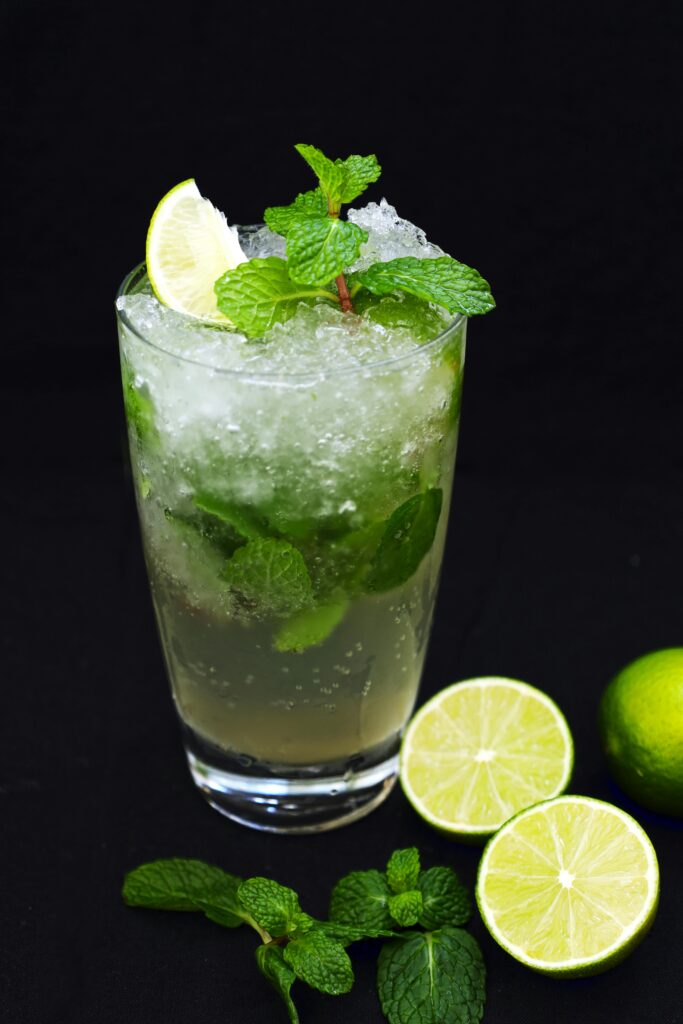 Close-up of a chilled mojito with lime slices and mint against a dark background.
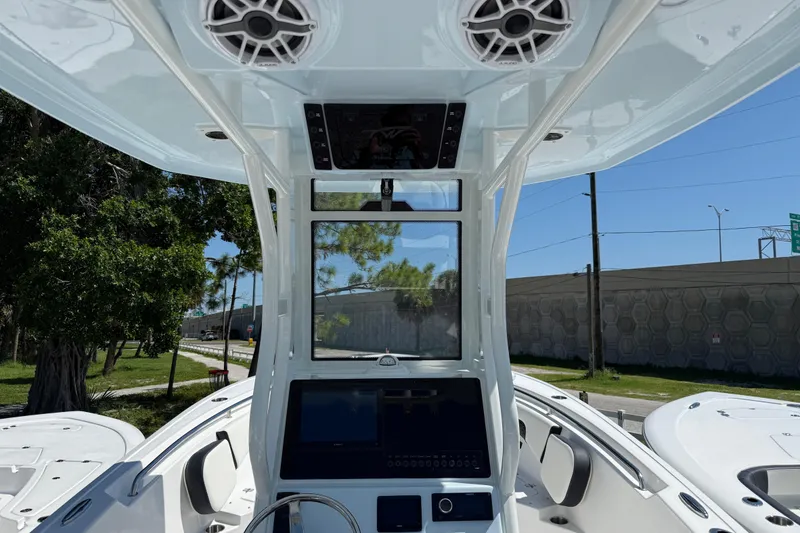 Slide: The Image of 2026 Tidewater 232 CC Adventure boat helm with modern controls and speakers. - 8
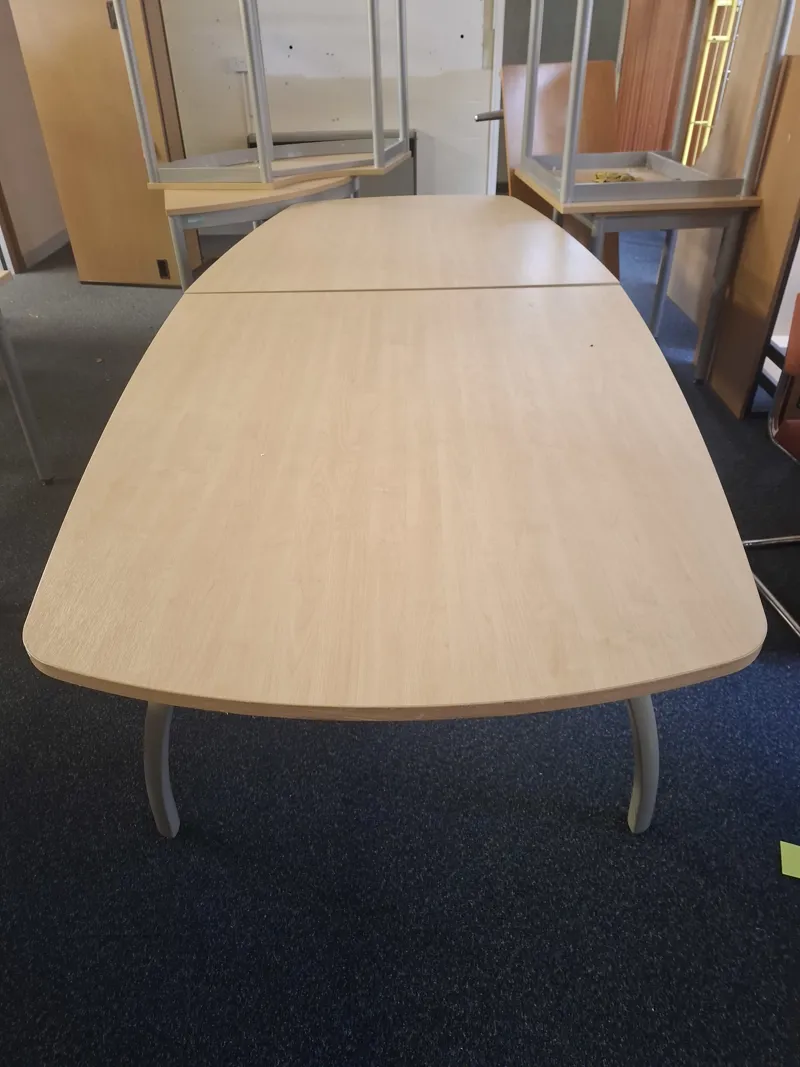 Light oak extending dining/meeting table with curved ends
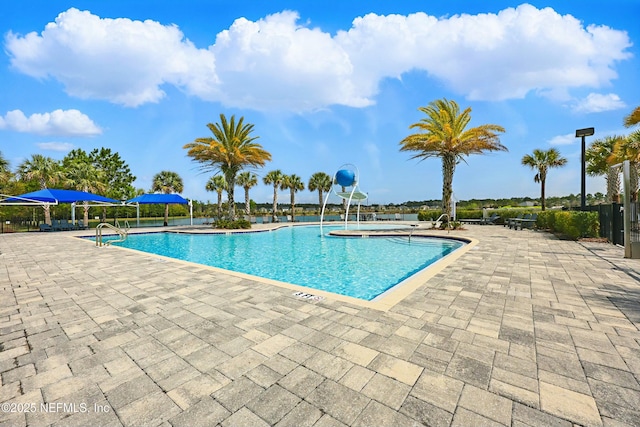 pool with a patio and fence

***

ASSIGNMENT: Retype the whole listing word for word. Skip the pictures.

SOLVED PROBLEM:
 Close-up of a chilled mojito with lime slices and mint against a dark background.
 Slide: The Image of 2026 Tidewater 232 CC Adventure boat helm with modern controls and speakers. - 8
 Light oak extending dining/meeting table with curved ends
 pool with a patio and fence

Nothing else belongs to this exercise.